Posted on 02/01/2008 by Take-it-2-the-EEOC-in-NYC
Viewed: 151 times

White Racist Employers with hidden agendas as well as blacks who have given up their affinity to race because they now work in corporate HR and are making big $$$ try to use social issues to manipulate black employees who cry "discrimination." Because they all know all blacks behave like a bunch of crabs in a basket!

Let’s use this blog as an example ---Have you heard any of your black friends or co-workers say: “I don’t know Barack [Obama] from Jack. Bill [Clinton] is Black enough for me. I’m voting for Hillary [Clinton] because that’s like voting for Bill. That’s my girl! I don’t even want to hear what Barack has to say.” She said that she couldn’t stand when Blacks acted like they were your “brotha” or “sista,” when “I don’t know them.” Yet, she couldn’t identify a time when Sen. Obama behaved that way.

She then went into a workplace campaign about the joys of Hillary Clinton becoming President. Not a single issue was raised. The point was that “Bill is Black enough,” “blacker than Sen. Obama,” and “good enough for me.”

This worker was making the point that she didn’t know anything about Sen. Obama, so it was fascinating that she was choosing to go out of her way NOT TO HEAR HIM and that she was going out of her way trying to convince other workers to side with her choice of a White candidate.

This worker got me thinking about something many Blacks often talk about in private—how some of us love to be against other Black people, even when our only defense is “just because.”

Although Whites are often pointed out on this blog about workplace racism and discrimination, we have to deal with some harsh realities. One of those realities is that some Black people like to make life difficult for other Black people in the workplace. Some Black people use their own race-based stereotypes about Blacks to determine how they will judge and treat other Black workers.

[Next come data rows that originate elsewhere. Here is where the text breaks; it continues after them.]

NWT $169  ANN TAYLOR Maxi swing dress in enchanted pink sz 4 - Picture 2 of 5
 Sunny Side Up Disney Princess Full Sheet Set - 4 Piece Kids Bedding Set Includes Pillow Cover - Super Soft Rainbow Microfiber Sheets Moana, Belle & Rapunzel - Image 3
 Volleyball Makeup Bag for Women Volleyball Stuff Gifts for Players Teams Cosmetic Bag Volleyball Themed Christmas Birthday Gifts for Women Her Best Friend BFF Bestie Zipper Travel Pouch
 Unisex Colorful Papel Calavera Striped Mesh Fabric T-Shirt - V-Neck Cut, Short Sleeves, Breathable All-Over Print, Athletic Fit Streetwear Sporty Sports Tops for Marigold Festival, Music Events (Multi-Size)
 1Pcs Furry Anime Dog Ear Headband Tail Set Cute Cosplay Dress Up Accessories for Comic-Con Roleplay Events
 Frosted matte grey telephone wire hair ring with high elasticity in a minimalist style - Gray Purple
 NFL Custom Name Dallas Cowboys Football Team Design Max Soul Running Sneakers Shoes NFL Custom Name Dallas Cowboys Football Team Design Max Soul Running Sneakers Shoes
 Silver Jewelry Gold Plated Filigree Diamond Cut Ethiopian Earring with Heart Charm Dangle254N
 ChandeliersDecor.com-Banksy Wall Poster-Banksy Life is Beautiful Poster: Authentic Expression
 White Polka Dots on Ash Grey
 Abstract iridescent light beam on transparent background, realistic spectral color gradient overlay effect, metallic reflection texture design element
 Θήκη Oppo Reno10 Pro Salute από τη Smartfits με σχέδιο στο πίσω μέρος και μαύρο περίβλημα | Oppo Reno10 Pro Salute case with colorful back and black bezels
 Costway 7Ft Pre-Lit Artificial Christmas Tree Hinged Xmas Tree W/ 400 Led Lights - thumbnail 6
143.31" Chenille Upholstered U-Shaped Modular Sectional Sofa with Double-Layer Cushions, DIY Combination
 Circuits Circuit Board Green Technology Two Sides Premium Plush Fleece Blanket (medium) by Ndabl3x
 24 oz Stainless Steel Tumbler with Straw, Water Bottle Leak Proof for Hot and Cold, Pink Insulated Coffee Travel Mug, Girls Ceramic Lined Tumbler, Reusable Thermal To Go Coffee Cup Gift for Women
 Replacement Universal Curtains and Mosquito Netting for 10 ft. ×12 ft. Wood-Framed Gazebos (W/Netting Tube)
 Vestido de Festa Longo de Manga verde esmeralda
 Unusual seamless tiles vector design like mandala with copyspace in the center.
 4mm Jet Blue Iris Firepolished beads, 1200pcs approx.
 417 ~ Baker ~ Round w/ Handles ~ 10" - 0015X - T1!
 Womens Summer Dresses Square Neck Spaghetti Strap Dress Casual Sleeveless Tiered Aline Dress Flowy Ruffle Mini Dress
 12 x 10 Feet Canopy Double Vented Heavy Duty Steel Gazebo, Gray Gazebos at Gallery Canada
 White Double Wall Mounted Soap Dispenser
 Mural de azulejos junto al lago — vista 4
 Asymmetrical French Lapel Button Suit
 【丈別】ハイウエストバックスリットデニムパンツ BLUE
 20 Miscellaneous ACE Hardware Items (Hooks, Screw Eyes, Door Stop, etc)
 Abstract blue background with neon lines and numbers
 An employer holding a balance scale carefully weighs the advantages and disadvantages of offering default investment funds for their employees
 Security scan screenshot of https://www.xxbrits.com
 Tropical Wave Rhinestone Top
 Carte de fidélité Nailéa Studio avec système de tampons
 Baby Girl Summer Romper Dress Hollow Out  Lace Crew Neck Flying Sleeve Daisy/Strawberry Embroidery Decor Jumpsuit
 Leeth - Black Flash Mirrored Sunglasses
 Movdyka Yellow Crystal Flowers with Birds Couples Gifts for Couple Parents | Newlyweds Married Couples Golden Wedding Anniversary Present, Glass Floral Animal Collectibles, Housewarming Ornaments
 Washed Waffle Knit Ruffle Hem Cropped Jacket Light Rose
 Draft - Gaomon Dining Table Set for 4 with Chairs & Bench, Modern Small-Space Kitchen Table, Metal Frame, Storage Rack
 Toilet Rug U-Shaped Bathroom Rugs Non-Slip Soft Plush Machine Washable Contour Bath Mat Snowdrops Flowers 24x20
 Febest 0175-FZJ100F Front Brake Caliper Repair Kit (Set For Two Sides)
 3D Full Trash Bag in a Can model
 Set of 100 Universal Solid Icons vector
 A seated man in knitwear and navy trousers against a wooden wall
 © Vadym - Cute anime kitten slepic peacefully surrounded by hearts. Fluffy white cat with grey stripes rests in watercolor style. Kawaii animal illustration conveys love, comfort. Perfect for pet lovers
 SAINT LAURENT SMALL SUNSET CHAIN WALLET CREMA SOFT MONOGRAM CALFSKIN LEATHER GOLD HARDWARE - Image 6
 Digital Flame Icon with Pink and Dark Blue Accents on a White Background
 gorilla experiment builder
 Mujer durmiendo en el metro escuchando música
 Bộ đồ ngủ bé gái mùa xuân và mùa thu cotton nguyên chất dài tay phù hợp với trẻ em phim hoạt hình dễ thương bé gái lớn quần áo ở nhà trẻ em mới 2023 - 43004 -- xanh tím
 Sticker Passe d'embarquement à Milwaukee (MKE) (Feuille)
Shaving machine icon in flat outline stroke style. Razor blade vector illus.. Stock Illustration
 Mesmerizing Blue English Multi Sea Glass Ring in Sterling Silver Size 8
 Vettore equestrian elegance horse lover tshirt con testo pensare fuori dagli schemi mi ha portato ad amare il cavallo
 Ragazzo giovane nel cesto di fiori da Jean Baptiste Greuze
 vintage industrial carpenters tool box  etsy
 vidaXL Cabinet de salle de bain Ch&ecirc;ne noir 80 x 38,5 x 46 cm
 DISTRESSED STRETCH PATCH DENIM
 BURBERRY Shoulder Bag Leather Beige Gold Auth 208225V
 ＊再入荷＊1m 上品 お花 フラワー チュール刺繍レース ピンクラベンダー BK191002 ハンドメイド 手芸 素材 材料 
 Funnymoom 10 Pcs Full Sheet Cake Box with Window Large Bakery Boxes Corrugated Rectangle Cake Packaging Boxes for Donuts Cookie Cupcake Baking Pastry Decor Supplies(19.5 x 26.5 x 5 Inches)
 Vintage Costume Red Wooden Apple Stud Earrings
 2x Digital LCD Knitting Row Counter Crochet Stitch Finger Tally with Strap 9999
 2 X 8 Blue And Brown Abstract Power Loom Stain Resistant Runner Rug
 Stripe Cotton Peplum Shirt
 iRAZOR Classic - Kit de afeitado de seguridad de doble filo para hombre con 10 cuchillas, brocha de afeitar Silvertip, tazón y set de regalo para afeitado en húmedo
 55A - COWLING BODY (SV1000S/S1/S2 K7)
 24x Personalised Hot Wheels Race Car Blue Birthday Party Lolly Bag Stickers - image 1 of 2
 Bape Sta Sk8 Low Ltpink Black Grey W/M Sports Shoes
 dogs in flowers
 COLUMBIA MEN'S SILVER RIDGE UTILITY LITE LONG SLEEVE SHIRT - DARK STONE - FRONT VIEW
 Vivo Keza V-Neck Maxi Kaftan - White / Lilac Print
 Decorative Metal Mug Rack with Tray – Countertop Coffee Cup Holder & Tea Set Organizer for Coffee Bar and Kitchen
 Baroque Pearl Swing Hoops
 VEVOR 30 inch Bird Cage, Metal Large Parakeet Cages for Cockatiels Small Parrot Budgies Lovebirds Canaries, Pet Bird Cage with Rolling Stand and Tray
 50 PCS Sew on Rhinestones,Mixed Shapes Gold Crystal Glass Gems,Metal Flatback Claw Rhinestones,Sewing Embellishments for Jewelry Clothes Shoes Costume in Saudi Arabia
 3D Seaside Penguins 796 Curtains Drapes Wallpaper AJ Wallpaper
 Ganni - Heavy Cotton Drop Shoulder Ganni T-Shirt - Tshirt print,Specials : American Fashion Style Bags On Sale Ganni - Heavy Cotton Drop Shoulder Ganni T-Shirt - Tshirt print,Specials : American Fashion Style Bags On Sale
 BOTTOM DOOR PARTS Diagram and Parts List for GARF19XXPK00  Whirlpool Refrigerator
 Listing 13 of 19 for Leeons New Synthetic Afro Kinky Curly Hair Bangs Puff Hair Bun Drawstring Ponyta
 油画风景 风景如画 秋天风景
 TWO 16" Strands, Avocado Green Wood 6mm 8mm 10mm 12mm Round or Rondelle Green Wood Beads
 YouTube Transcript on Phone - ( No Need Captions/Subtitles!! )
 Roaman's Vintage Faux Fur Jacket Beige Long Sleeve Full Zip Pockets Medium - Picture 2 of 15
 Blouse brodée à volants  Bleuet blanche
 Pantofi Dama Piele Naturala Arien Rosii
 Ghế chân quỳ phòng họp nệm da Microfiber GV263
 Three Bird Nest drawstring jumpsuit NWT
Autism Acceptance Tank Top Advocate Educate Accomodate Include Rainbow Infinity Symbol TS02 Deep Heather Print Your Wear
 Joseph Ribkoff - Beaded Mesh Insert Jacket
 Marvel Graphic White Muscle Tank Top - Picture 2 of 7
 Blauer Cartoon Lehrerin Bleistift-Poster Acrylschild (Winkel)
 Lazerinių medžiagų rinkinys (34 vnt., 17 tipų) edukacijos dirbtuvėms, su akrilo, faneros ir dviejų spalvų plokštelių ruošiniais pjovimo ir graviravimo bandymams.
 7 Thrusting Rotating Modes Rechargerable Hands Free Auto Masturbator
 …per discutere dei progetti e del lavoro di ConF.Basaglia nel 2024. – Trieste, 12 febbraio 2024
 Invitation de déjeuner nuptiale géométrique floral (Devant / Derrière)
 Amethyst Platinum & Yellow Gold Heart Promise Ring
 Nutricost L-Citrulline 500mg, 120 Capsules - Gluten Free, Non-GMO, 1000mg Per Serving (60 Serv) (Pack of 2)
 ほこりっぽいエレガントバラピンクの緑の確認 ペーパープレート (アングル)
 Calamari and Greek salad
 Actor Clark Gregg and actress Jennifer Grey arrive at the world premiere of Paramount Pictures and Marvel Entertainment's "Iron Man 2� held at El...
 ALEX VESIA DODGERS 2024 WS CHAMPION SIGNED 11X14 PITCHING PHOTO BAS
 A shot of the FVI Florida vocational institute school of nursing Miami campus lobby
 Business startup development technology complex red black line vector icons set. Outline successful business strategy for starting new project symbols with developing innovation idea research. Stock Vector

Black people can make each other miserable at work by being the proverbial crabs in a barrel. I can’t believe some of things I’ve seen Black workers do to each other over the years. For instance, evidence of Blacks hating on each other and making each other miserable includes:

--Having a preference for reporting to a White manager because they can so-call “do more for you” and are “just better,” which results in some of us being resentful for being “stuck” with a Black manager;

--Engaging in a work slow-down, when given an assignment by a Black supervisor/manager;

--Intentionally holding on to an assignment in order to cause work delays for a Black supervisor/manager and out of a sense that you have to be “begged,” which makes you feel important;

--Intentionally turning in sloppy work to a Black supervisor/manager or coworker;

--Pretending not to know how to do something or how a process works, when asked about it by Black coworkers;

--Accusing Black coworkers of being “fake,” a “wanna-be,” etc. because they have been deemed not to be “ghetto” or “real” enough and making these statements to Black AND White coworkers;

--Knowingly spreading false gossip about Black coworkers to White coworkers or actually telling their personal business to White coworkers.

--Being complicit in targeting a Black coworker for mistreatment after they’ve complained of abuse;

--Accepting money and/or a promotion or some other reward for false testimony against a Black coworker;

--Lying to investigators about what happened to a Black coworker (e.g., saying you don’t know anything), not out of fear for your job, but because you don’t “owe them anything;”

--Intentionally making false statements about a Black coworker, who has complained of race-based discrimination, harassment or retaliation;

--Openly finding humor or getting pleasure out of a Black person being targeted by management; and

--Saying there is no racism in the workplace, just because a Black person has complained about it and not because it is true;

These are just examples. I’m sure some readers could greatly expand on this list.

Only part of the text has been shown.